The “Third way” or a wolf in sheep’s clothing?

Article published on Nov. 15, 2004
community published
Article published on Nov. 15, 2004

This article has not been vetted by an editor at Paris HQ

The Lisbon Strategy is part of Tony Blair and Gerhard Schröder’s “Third Way”. Can we expect more from it than just economic liberalisation and the dismantling of social structures?

The designated president of the EU Commission, José Manuel Barroso, has said that the Lisbon Strategy is his main priority. With these words he has taken onboard a project that was adopted in early 2000 by the majority of social democratic government and state leaders. Carried along by the momentum of the Third Way, with which British PM Tony Blair and German Chancellor Gerhard Schröder, in particular, hoped to reform their national economies, these two leaders passed their ambitious aims onto the Community level. To the horror of many of their social democratic contemporaries, these aims were based on neo-liberal ideas, which Blair and Schröder had come up with the previous year in their joint paper “The way forward for Europe’s social democrats”. Is the Lisbon Strategy mainly market-based, or does it also contain “social” elements?

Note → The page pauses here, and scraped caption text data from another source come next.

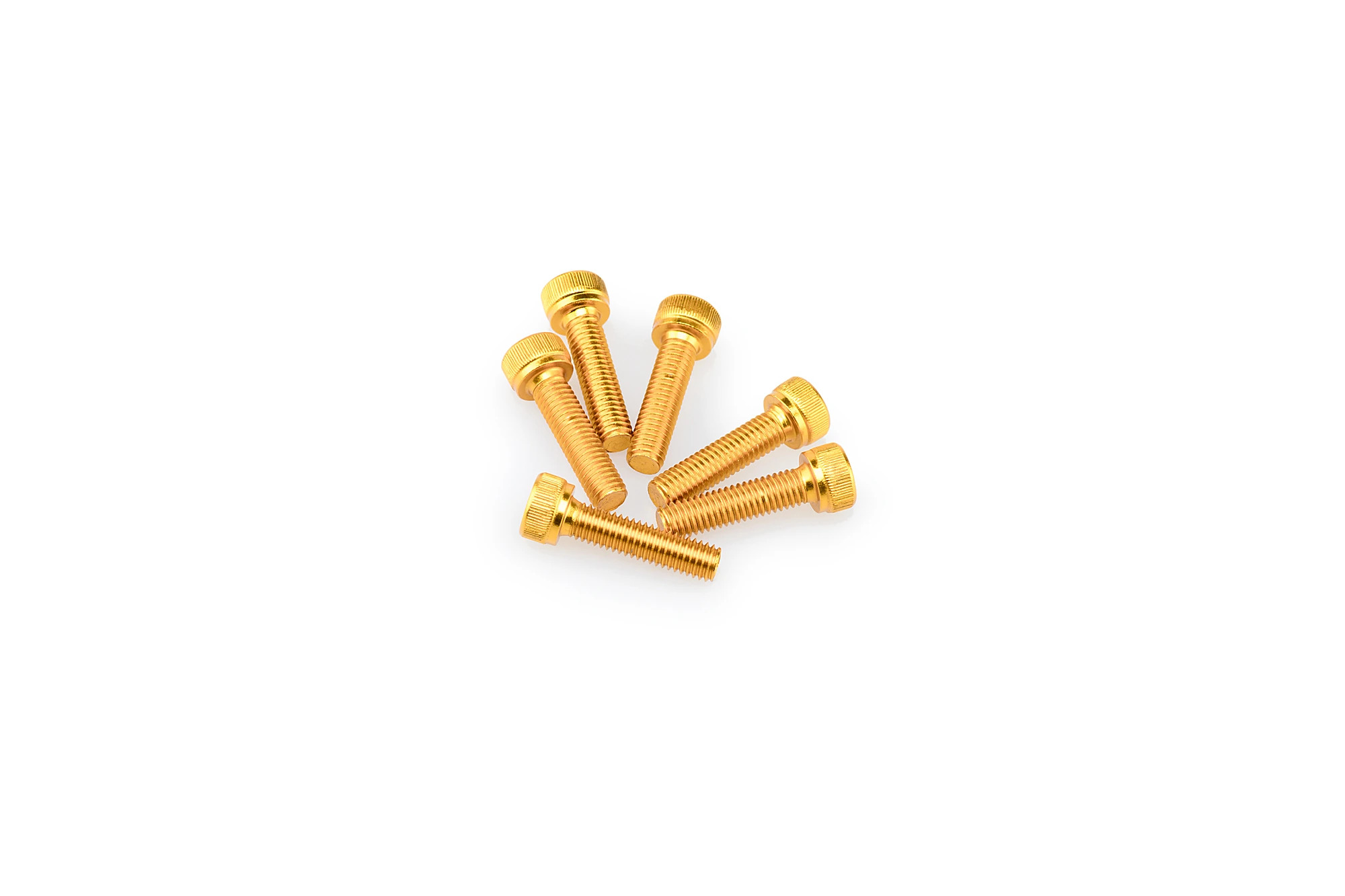 Kit Visserie Carénage Puig En Aluminium Anodisé Jaune Blister 6 vis allen M5x20mm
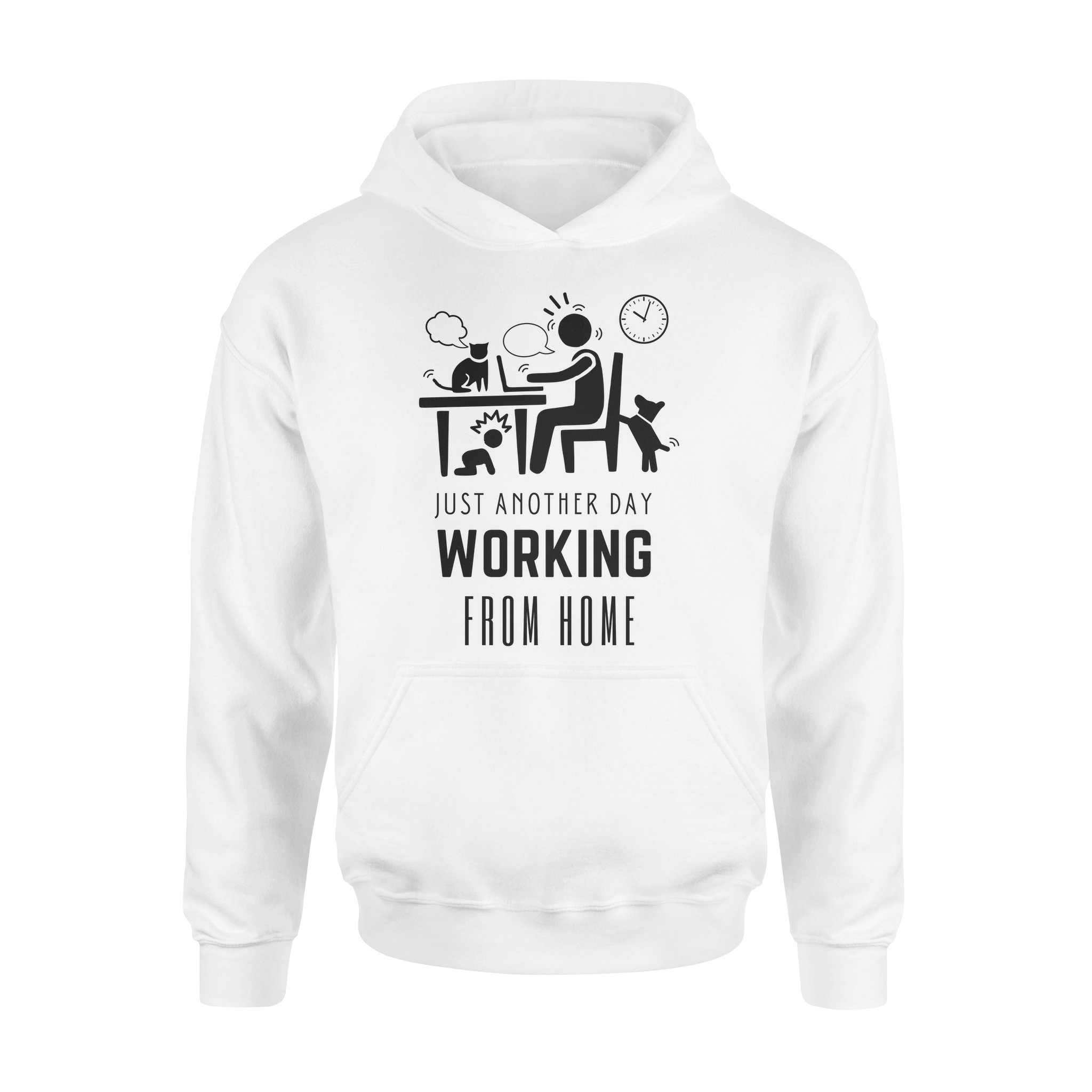 Working from home Hoodies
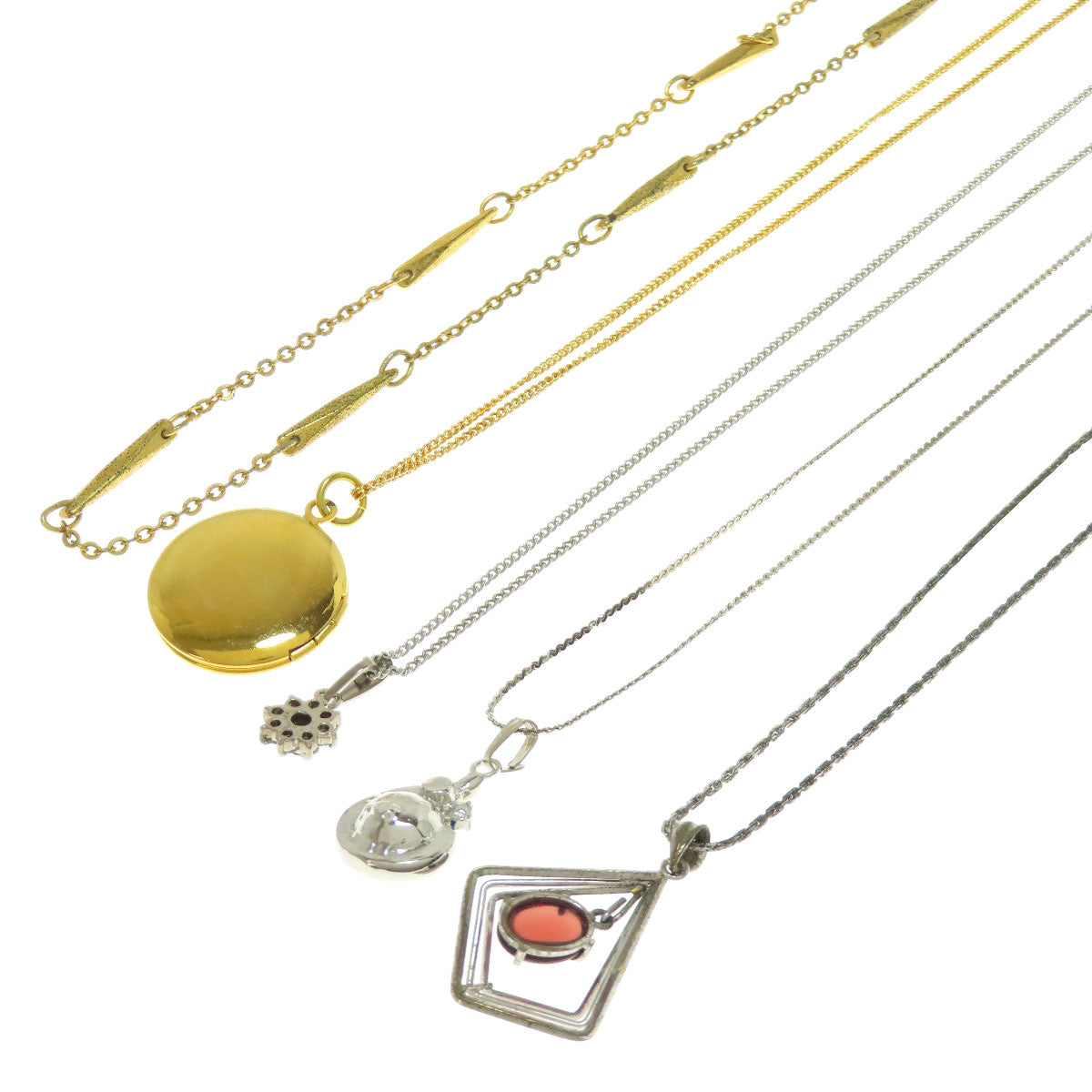 SELECT JEWELRY セレクトジュエリー 26点セット ブローチ タイピン リング ブレス ネックレス SV レディース 中古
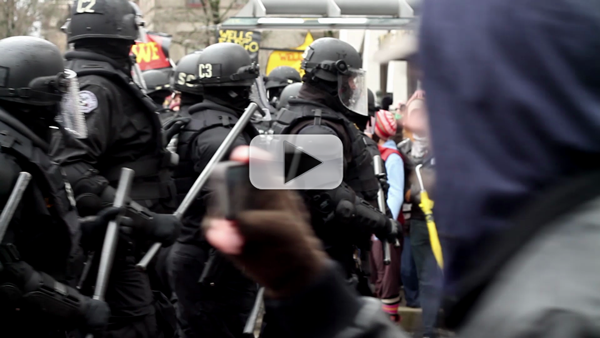 Occupy Portland Shuts Down ALEC Corporations for #F29 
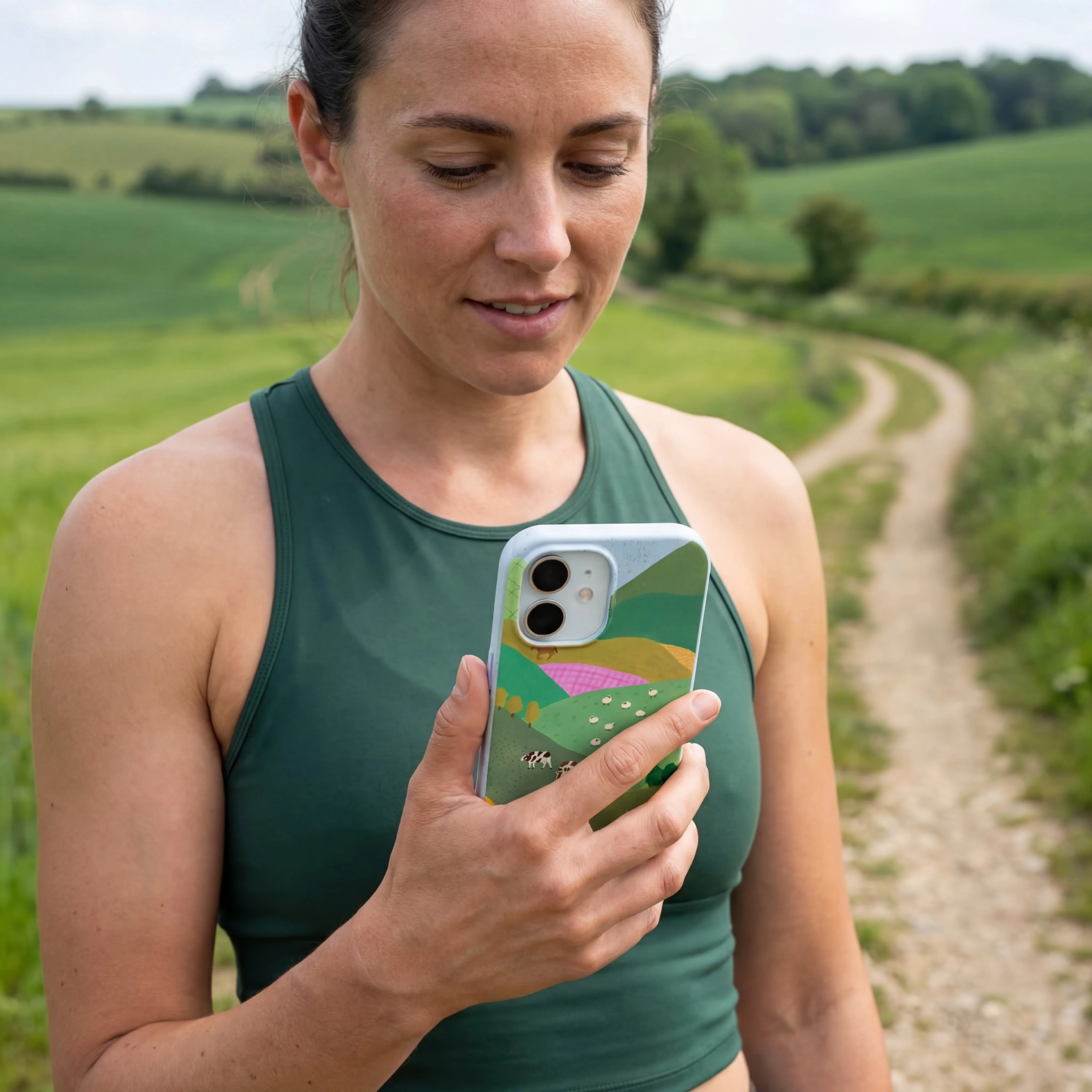 Powder Blue Farm Tales iPhone 17 Case - Image 6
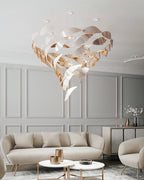 Bennett Meteor Shower Crystal Spiral Chandelier
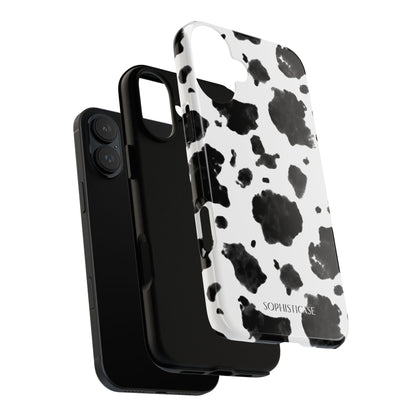 Holy Cow in Black - iPhone Case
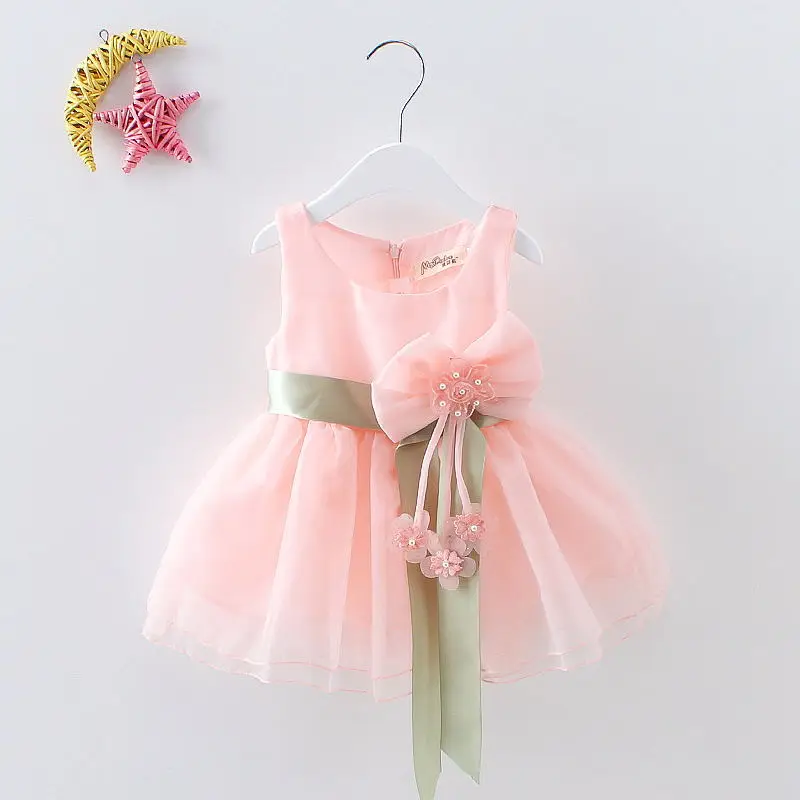 New  Baby Girls Summer Cute flowers Dress Casual Princess Party Tutu Dresses Girl princess dress Child clothes 1-4 years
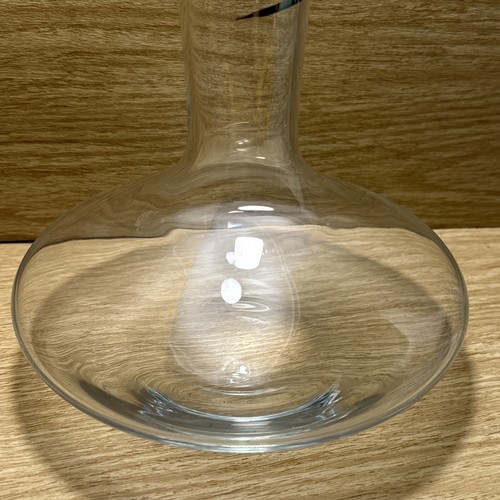 VTG Wide Silver Swirl Tarnow Poland Wine Decanter Glass Genie Bottle Bar Ware - Picture 5 of 10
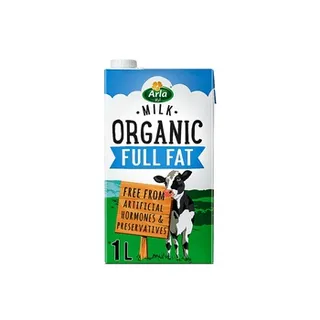 Arla Organic Full Fat Milk 1L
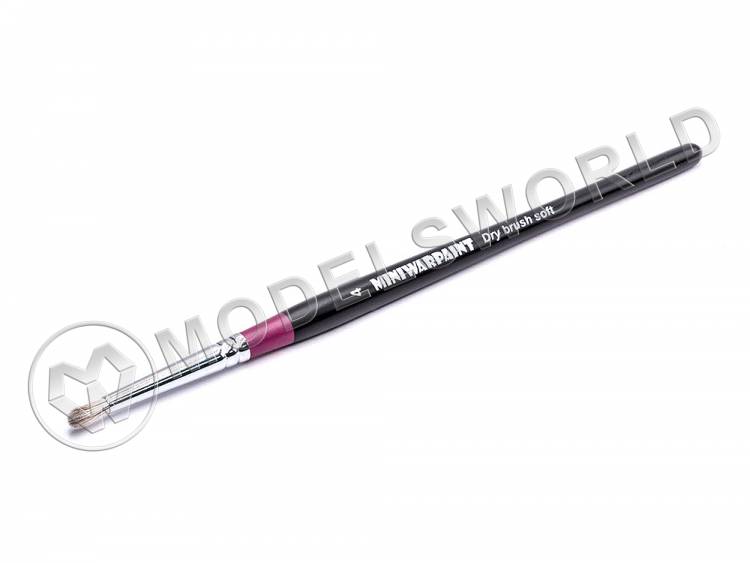 Кисть MiniWarPaint серия Drybrush Soft №4 Кисть MiniWarPaint серия Drybrush Soft №4 - фото 1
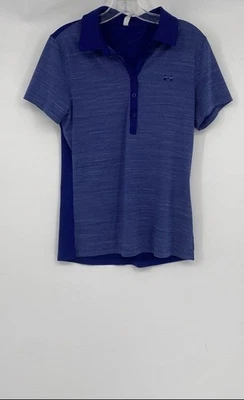 Under Armour Womens Purple Short Sleeve Collared Polo Shirt Size Medium - Image 1 of 4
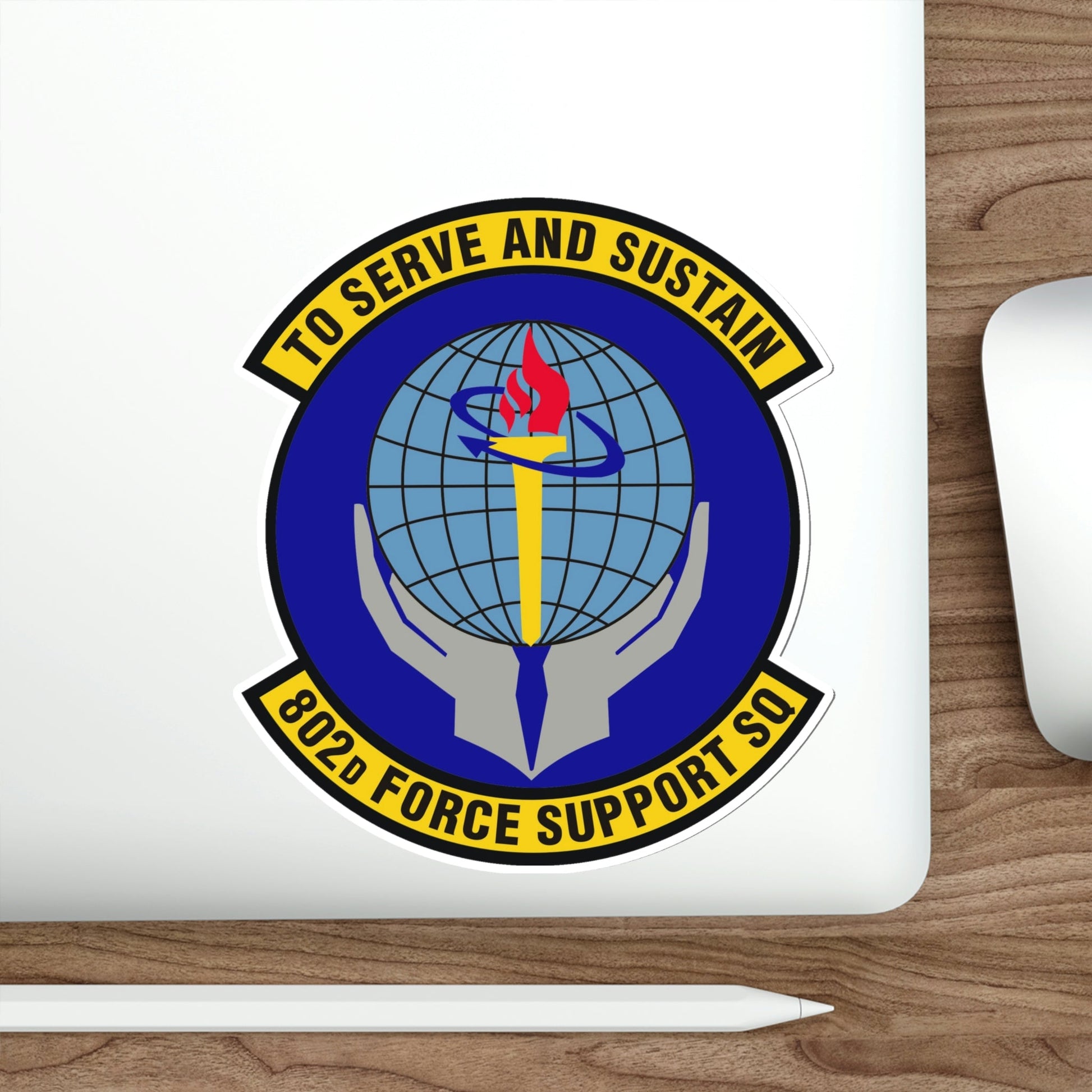 802d Force Support Squadron (U.S. Air Force) STICKER Vinyl Die-Cut Decal-The Sticker Space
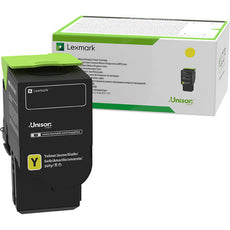 Lexmark Yellow Extra High Yield Return Program Toner Cartridge, 5000 Pages Yield - 78C1XY0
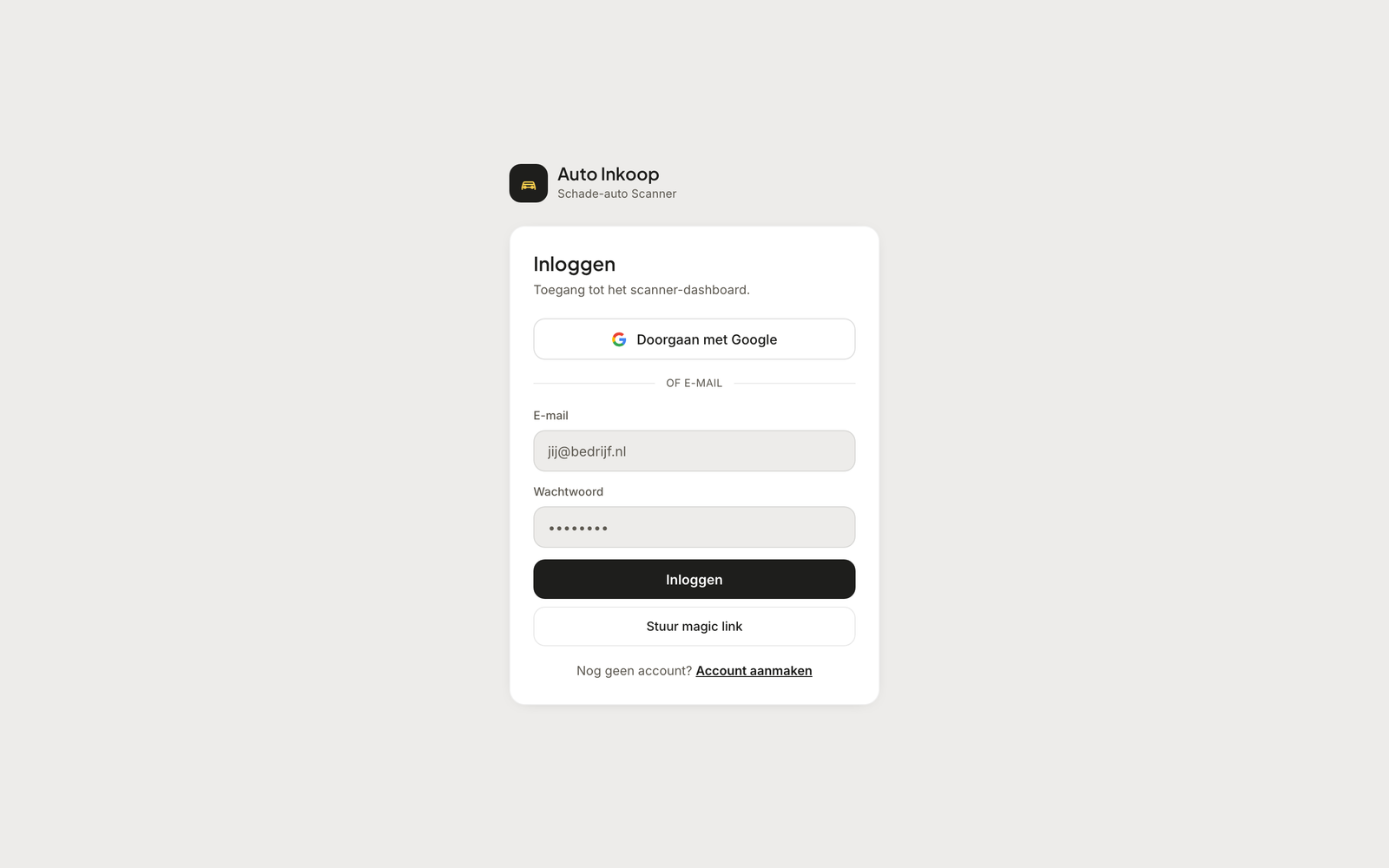 Auto Inkoop AI preview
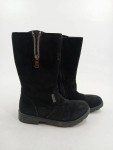 Vorschaubild 2 von Schneestiefel Kinder Gr. 26 Schwarz Wildleder Reißverschluss Praktisch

Everything’s there, from Kyoto to the discontinuation of subsidies

The declared objectives of the Lisbon Strategy are nothing if not multi-facetted. Yes, the Strategy includes such aims as “providing greater incentives for people to take up work” but it also seeks to intensify competition in the domestic market on the basis of strict neo-liberal concepts. On the other hand, more women are to be encouraged to work through the introduction of better child care provisions – here we can see that those who came up with the Strategy were envisaging mainly State intervention. The obligatory consideration of environmental issues also gives the Strategy a wide-ranging approach, with particular emphasis on implementing the Kyoto Protocol. However, time will tell which of these aims will be given particular importance.

Since 2001, the British Centre for European Reform (CER) has been documenting the measures that have been implemented as part of the Lisbon Strategy. Its findings on economic policy show that activities in this area have been very varied. As expected, there has been a policy of tax reductions. Belgium, Denmark and Ireland have all reduced the tax burden on the comparatively labour-intensive small and medium-sized businesses, and Estonia has abolished taxes on reinvested profits. Neo-liberal elements can also be found in Austria, among others, where the financial costs for business start-up have been reduced. This said, business lessons have been made a part of the curriculum in Belgian, Greek, Polish and Lithuanian schools. Before 2000 it was only possible to take such lessons in the “left-wing” northern countries. The far-reaching discontinuation of subsidies also forms part of the measures. According to neo-liberal theory, subsidies, with a few exceptions, should not be encouraged. The Lisbon Strategy is against providing direct help for certain sectors where competition is especially distorted. Grants for research and development and support measures for small and medium-sized enterprises, on the other hand, are most definitely allowed.

Overexaggerated Fears

The examples given here show that the Strategy’s general statements of intent are actually being put into practice. The partial retreat of the State from certain economic areas plays an important role in those reforms, but fears of an Americanisation of Europe’s economy have so far proved unfounded. The Lisbon Strategy contains a wide range of proposals, which cannot exactly be described as blindingly original concepts, but which also do not restrict themselves to giving the (economically) strong more rights. The fact that Blair and Schröder are behind this approach is shown in the letter that they drew up together with France’s conservative President, Jacques Chirac. In it, they emphasise the need to modernise the welfare system by reducing costs but, at the same time, they point out the need to increase research funds by not only private means. They also call for more effective funding by the State to play a role in the support of new ideas.

The Lisbon Strategy can be criticised in many respects. For example, the CER says that the manner in which the project has been implemented is not as consistent and far-reaching as it should be, and the Lithuanian Free Market Institute has established contradictions in the content of the Strategy. However, the Strategy represents a serious attempt to solve the problems of our economic and welfare systems with wide-ranging measures, and in no way is it solely based on neo-liberal economic theories.